_PROBLEM DESCRIPTION_
Each entry needs to be reproduced verbatim.

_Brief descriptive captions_

◆ ◆ ◆ ◆

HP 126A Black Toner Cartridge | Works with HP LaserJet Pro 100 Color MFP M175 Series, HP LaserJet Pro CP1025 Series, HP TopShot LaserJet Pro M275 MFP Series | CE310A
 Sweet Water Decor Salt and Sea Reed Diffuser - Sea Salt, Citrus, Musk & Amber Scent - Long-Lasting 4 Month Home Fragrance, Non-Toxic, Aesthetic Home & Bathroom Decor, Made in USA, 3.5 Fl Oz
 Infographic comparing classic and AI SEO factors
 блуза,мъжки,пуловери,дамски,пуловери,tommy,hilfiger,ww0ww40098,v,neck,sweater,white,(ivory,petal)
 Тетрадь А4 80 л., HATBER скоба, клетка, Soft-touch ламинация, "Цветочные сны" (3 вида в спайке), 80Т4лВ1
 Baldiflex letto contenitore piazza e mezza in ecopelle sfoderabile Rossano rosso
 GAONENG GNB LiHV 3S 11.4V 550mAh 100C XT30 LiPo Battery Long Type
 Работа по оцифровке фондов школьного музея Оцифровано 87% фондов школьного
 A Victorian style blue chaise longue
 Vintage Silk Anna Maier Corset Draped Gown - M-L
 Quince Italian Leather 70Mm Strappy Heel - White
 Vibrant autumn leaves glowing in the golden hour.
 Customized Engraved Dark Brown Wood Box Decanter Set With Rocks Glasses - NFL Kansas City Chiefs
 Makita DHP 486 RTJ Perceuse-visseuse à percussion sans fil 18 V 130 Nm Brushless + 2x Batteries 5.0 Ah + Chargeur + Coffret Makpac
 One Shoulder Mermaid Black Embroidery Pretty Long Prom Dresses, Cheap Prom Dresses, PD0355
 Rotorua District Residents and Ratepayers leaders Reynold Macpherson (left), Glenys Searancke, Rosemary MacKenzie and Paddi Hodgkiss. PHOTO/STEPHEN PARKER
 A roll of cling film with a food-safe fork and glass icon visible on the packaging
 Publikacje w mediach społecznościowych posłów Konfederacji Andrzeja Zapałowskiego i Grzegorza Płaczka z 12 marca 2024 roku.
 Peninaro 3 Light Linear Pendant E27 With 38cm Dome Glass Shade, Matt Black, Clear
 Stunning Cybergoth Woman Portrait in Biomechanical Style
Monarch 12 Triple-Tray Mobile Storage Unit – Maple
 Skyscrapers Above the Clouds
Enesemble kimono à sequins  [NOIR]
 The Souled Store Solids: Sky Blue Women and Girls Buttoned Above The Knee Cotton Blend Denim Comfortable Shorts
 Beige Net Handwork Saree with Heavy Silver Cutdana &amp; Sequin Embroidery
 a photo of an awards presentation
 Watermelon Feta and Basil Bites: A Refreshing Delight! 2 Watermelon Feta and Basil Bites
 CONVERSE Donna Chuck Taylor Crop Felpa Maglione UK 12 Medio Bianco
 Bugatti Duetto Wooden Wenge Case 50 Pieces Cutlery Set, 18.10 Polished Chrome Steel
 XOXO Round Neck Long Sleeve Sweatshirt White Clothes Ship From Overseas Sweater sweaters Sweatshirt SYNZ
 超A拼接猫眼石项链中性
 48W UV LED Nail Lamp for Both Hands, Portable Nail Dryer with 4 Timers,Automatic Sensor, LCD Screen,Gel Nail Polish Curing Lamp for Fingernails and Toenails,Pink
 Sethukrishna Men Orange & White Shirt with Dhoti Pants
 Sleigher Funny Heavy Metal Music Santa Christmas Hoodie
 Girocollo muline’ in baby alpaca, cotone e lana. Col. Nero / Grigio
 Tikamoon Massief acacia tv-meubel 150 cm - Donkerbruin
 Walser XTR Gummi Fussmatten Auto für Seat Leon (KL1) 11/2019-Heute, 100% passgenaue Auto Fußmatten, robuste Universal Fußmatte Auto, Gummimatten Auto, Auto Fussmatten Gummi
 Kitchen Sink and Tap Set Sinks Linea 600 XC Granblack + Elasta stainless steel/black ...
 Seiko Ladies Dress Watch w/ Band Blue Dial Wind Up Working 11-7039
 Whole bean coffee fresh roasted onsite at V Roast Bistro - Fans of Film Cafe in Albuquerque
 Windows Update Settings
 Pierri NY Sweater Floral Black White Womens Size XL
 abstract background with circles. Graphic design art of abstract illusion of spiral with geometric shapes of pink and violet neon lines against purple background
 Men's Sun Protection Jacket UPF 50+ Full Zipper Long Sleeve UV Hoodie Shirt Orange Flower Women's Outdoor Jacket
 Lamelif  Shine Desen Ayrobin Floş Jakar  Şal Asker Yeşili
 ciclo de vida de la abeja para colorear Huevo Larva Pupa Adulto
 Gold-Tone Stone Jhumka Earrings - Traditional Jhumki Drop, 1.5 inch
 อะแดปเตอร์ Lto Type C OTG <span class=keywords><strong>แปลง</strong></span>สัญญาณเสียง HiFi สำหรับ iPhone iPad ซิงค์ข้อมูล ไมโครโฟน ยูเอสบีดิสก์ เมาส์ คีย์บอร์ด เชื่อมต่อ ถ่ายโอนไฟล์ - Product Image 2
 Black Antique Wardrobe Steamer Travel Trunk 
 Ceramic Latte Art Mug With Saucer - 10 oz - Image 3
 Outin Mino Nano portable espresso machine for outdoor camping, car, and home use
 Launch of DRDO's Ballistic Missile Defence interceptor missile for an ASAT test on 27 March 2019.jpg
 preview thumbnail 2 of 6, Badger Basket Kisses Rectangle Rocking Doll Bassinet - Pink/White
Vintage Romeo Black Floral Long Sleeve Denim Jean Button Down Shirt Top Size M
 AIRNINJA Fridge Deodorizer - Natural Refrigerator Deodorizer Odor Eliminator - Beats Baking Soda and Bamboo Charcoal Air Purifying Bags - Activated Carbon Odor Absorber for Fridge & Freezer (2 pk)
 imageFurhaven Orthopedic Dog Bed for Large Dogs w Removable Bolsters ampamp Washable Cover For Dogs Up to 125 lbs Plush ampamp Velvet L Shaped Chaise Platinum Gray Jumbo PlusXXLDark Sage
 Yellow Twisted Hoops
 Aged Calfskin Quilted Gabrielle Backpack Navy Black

◆ ◆ ◆ ◆

_EXERCISE OUTPUT_
HP 126A Black Toner Cartridge | Works with HP LaserJet Pro 100 Color MFP M175 Series, HP LaserJet Pro CP1025 Series, HP TopShot LaserJet Pro M275 MFP Series | CE310A
 Sweet Water Decor Salt and Sea Reed Diffuser - Sea Salt, Citrus, Musk & Amber Scent - Long-Lasting 4 Month Home Fragrance, Non-Toxic, Aesthetic Home & Bathroom Decor, Made in USA, 3.5 Fl Oz
 Infographic comparing classic and AI SEO factors
 блуза,мъжки,пуловери,дамски,пуловери,tommy,hilfiger,ww0ww40098,v,neck,sweater,white,(ivory,petal)
 Тетрадь А4 80 л., HATBER скоба, клетка, Soft-touch ламинация, "Цветочные сны" (3 вида в спайке), 80Т4лВ1
 Baldiflex letto contenitore piazza e mezza in ecopelle sfoderabile Rossano rosso
 GAONENG GNB LiHV 3S 11.4V 550mAh 100C XT30 LiPo Battery Long Type
 Работа по оцифровке фондов школьного музея Оцифровано 87% фондов школьного
 A Victorian style blue chaise longue
 Vintage Silk Anna Maier Corset Draped Gown - M-L
 Quince Italian Leather 70Mm Strappy Heel - White
 Vibrant autumn leaves glowing in the golden hour.
 Customized Engraved Dark Brown Wood Box Decanter Set With Rocks Glasses - NFL Kansas City Chiefs
 Makita DHP 486 RTJ Perceuse-visseuse à percussion sans fil 18 V 130 Nm Brushless + 2x Batteries 5.0 Ah + Chargeur + Coffret Makpac
 One Shoulder Mermaid Black Embroidery Pretty Long Prom Dresses, Cheap Prom Dresses, PD0355
 Rotorua District Residents and Ratepayers leaders Reynold Macpherson (left), Glenys Searancke, Rosemary MacKenzie and Paddi Hodgkiss. PHOTO/STEPHEN PARKER
 A roll of cling film with a food-safe fork and glass icon visible on the packaging
 Publikacje w mediach społecznościowych posłów Konfederacji Andrzeja Zapałowskiego i Grzegorza Płaczka z 12 marca 2024 roku.
 Peninaro 3 Light Linear Pendant E27 With 38cm Dome Glass Shade, Matt Black, Clear
 Stunning Cybergoth Woman Portrait in Biomechanical Style
Monarch 12 Triple-Tray Mobile Storage Unit – Maple
 Skyscrapers Above the Clouds
Enesemble kimono à sequins  [NOIR]
 The Souled Store Solids: Sky Blue Women and Girls Buttoned Above The Knee Cotton Blend Denim Comfortable Shorts
 Beige Net Handwork Saree with Heavy Silver Cutdana &amp; Sequin Embroidery
 a photo of an awards presentation
 Watermelon Feta and Basil Bites: A Refreshing Delight! 2 Watermelon Feta and Basil Bites
 CONVERSE Donna Chuck Taylor Crop Felpa Maglione UK 12 Medio Bianco
 Bugatti Duetto Wooden Wenge Case 50 Pieces Cutlery Set, 18.10 Polished Chrome Steel
 XOXO Round Neck Long Sleeve Sweatshirt White Clothes Ship From Overseas Sweater sweaters Sweatshirt SYNZ
 超A拼接猫眼石项链中性
 48W UV LED Nail Lamp for Both Hands, Portable Nail Dryer with 4 Timers,Automatic Sensor, LCD Screen,Gel Nail Polish Curing Lamp for Fingernails and Toenails,Pink
 Sethukrishna Men Orange & White Shirt with Dhoti Pants
 Sleigher Funny Heavy Metal Music Santa Christmas Hoodie
 Girocollo muline’ in baby alpaca, cotone e lana. Col. Nero / Grigio
 Tikamoon Massief acacia tv-meubel 150 cm - Donkerbruin
 Walser XTR Gummi Fussmatten Auto für Seat Leon (KL1) 11/2019-Heute, 100% passgenaue Auto Fußmatten, robuste Universal Fußmatte Auto, Gummimatten Auto, Auto Fussmatten Gummi
 Kitchen Sink and Tap Set Sinks Linea 600 XC Granblack + Elasta stainless steel/black ...
 Seiko Ladies Dress Watch w/ Band Blue Dial Wind Up Working 11-7039
 Whole bean coffee fresh roasted onsite at V Roast Bistro - Fans of Film Cafe in Albuquerque
 Windows Update Settings
 Pierri NY Sweater Floral Black White Womens Size XL
 abstract background with circles. Graphic design art of abstract illusion of spiral with geometric shapes of pink and violet neon lines against purple background
 Men's Sun Protection Jacket UPF 50+ Full Zipper Long Sleeve UV Hoodie Shirt Orange Flower Women's Outdoor Jacket
 Lamelif  Shine Desen Ayrobin Floş Jakar  Şal Asker Yeşili
 ciclo de vida de la abeja para colorear Huevo Larva Pupa Adulto
 Gold-Tone Stone Jhumka Earrings - Traditional Jhumki Drop, 1.5 inch
 อะแดปเตอร์ Lto Type C OTG <span class=keywords><strong>แปลง</strong></span>สัญญาณเสียง HiFi สำหรับ iPhone iPad ซิงค์ข้อมูล ไมโครโฟน ยูเอสบีดิสก์ เมาส์ คีย์บอร์ด เชื่อมต่อ ถ่ายโอนไฟล์ - Product Image 2
 Black Antique Wardrobe Steamer Travel Trunk 
 Ceramic Latte Art Mug With Saucer - 10 oz - Image 3
 Outin Mino Nano portable espresso machine for outdoor camping, car, and home use
 Launch of DRDO's Ballistic Missile Defence interceptor missile for an ASAT test on 27 March 2019.jpg
 preview thumbnail 2 of 6, Badger Basket Kisses Rectangle Rocking Doll Bassinet - Pink/White
Vintage Romeo Black Floral Long Sleeve Denim Jean Button Down Shirt Top Size M
 AIRNINJA Fridge Deodorizer - Natural Refrigerator Deodorizer Odor Eliminator - Beats Baking Soda and Bamboo Charcoal Air Purifying Bags - Activated Carbon Odor Absorber for Fridge & Freezer (2 pk)
 imageFurhaven Orthopedic Dog Bed for Large Dogs w Removable Bolsters ampamp Washable Cover For Dogs Up to 125 lbs Plush ampamp Velvet L Shaped Chaise Platinum Gray Jumbo PlusXXLDark Sage
 Yellow Twisted Hoops
 Aged Calfskin Quilted Gabrielle Backpack Navy Black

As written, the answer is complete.